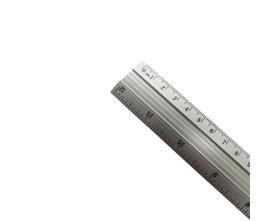 Linijka aluminiowa techniczna (30cm / 12cali)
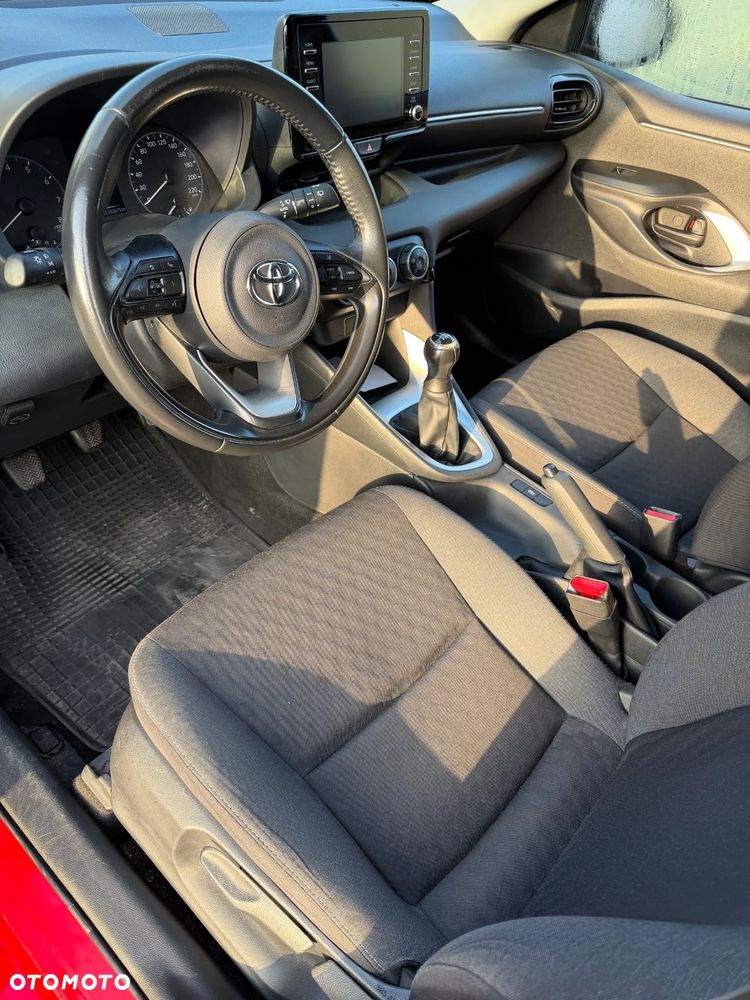 Toyota Yaris - 5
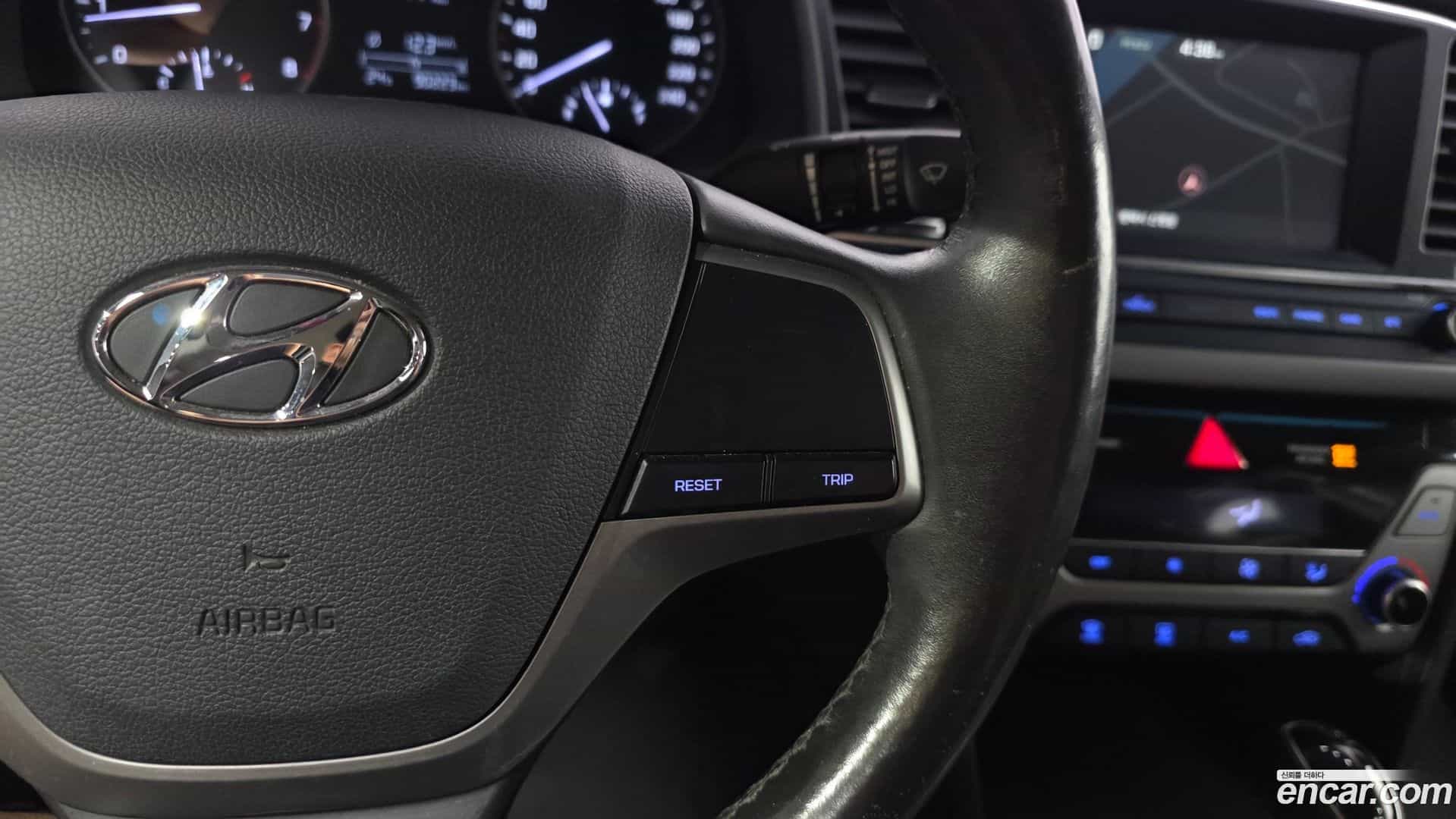 AVANTE Hyundai 2017.0-OPTION-022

_Task to complete_
Reproduce the listing exactly. The pictures are to be omitted.

_Problem solution_
 Linijka aluminiowa techniczna (30cm / 12cali)
 Toyota Yaris - 5
 AVANTE Hyundai 2017.0-OPTION-022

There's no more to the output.